U.S. map of HIV diagnoses by state, 2018

Rates of new HIV diagnoses per 100,000 people, 2018. (Source: CDC, 2019b.)

HIV/AIDS IN WASHINGTON STATE

In 2018, an estimated 13,417 people in Washington State were living with the diagnosis of HIV, with 7,023 of those living in King County. Eighty-eight percent of these people were receiving medical care, and 81% were virally suppressed.

Washington State reported that there were 402 new HIV diagnoses in 2018, with 229 (54%) of these occurring among King County residents, which was the largest one-year increase since 2002. Of these 402 new diagnoses, 310 were male and 88 were female. The largest number was among those ages 25 to 34. Of note, there were no diagnoses among the pediatric population ages 13 and under.

Increase in people who inject drugs: The increase in diagnosis among King County residents has been attributed to a 400% increase in the number of new HIV diagnoses among persons who inject drugs.
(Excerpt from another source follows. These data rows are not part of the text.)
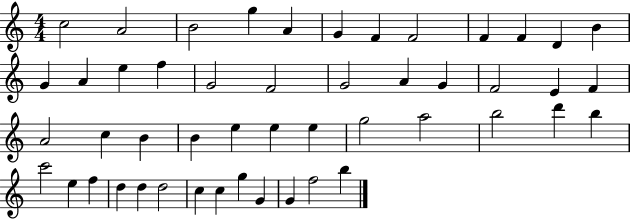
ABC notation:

X:1
T:Untitled
M:4/4
L:1/4
K:C
c2 A2 B2 g A G F F2 F F D B G A e f G2 F2 G2 A G F2 E F A2 c B B e e e g2 a2 b2 d' b c'2 e f d d d2 c c g G G f2 b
The number of new diagnoses in persons with other risks, including men who have sex with men and men who do not inject drugs, remained stable.

Homelessness among those with HIV: The increase in HIV among persons who inject drugs is concentrated among those who are homeless, and many of them are women who exchange sex. It is estimated that 11% of King County residents diagnosed with HIV were homeless in the past year.
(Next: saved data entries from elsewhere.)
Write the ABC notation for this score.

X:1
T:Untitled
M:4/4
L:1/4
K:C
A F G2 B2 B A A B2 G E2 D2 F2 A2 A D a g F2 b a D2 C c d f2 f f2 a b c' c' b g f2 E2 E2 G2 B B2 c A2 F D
Men who have sex with men: The diagnosis rate among men who have sex with men (MSM) has declined by more than 50% over the last ten years. However, MSM, including MSM who inject drugs, continue to make up the majority of new HIV infections in Washington State.

People of color: Black and Latinx populations are disproportionately affected by HIV. Foreign-born Black persons have the highest rate of new HIV diagnosis, although the majority of them may have acquired HIV prior to arrival in the United States.

Mortality rates among persons with HIV in the state have been stable at 1 per 100 over the past five years (WSDOH, 2019).